The first thing that a grammar must do is declare which rule syntax it is assuming. This is specified by the first non-blank line in the rule file that has the comment "PRS (1.0)", which stands for Packed Rewrite Syntax Version 1.0. If the first non-blank line does not specify which version of the synatx to use, the system will assume that the old style prolog syntax is being used.
Once the version of the syntax has been specified, the grammar must be given a name. This allows the system to have multiple sets of rules, with different grammar names, loaded at one time. The rules are named at the top of the file by the statement
ruleset =.
It is also possible to use the older form of the declaration
grammar =.
(The names fs_triples, sem_triples and kr_triples are reserved to identify system-defined rules that map f-structures, semantic representations and KR representations, respectively, to a triples format used in running regression tests. You should not use these names unless you intend to alter the behavior of test suite comparisons). Note that this statement must be terminated by a period, as must the rules that follow it.
The first rule rewrites the English semantic predicate "sleep" as the French predicate "dormir". There are a number of things to notice about this rule. The first is that it contains variables. A variable is written as an atom that starts with a percent sign (%). Thus %X, %TA and %% from the rules provided above are all variables. Variables are used to match arguments, or parts of arguments, in transfer facts. Thus the rule pattern PRED(%X,sleep matches the transfer fact PRED(var(19), sleep), setting the variable %X to the value var(19). All other occurrences of the variable %X in the same rule will get instantiated to the value var(19) as a result of the match. (The scope of a variable is limited to a single rule: Occurrences of the same variable in different rules are not linked, and instantiating a variable in one rule will not affect any of the variables with the same name in other rules.)

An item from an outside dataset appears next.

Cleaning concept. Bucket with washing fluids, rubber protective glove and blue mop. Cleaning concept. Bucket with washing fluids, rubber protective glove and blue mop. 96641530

The rule itself consists of a lefthand side, a rewrite arrow, and a righthand side. The lefthand side is a comma separated sequence of patterns that are intended to be matched against individual transfer facts. The rewrite arrow can be either ==> (obligatory rewrite) or ?=> (optional rewrite). For an obligatory rule, if all the patterns on the lefthand side can be matched against facts, then the (instantiated) patterns on the righthand side must be added to the set of transfer facts. For an optional rule, there is a choice: either apply the rule or not. This choice has the effect of forking the transfer rewriting process along two separate and independent paths. We will only consider the effects of optional rules when we discuss rules 3 and 4 from the example above.
To see how rule 1 operates, let us match the first pattern on the left hand side with the transfer fact PRED(var(19), sleep). This has the effect of instantiating the rest of the rule as shown (with the already matched pattern shown italicized)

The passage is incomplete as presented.